● Collected material
__________________________________________________
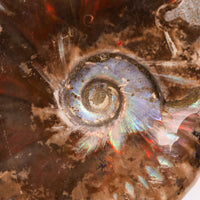 Ammonite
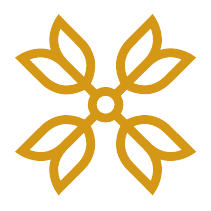 Арника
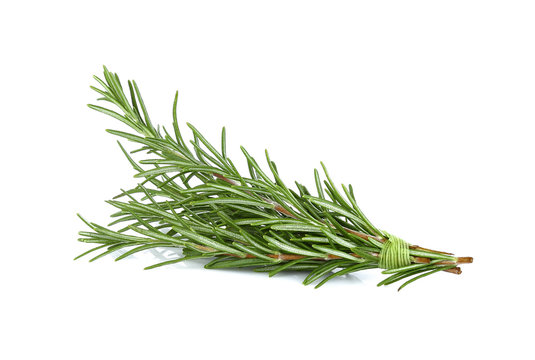 Rosemary isolated on white background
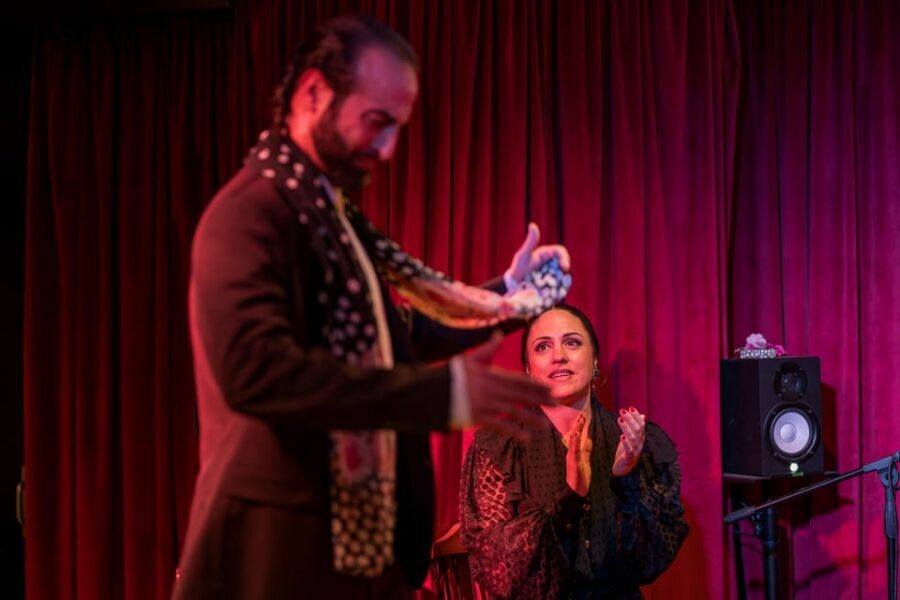 Málaga: Flamenco Course 4pm + 1-Hour Show, 3 Tapas and Drink - Who Should Book This Flamenco Course in Málaga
__________________________________________________
● Activity
Before you return the listing, strip out its pictures; all else must match exactly.

● Answer to this problem
 Ammonite
 Арника
 Rosemary isolated on white background
 Málaga: Flamenco Course 4pm + 1-Hour Show, 3 Tapas and Drink - Who Should Book This Flamenco Course in Málaga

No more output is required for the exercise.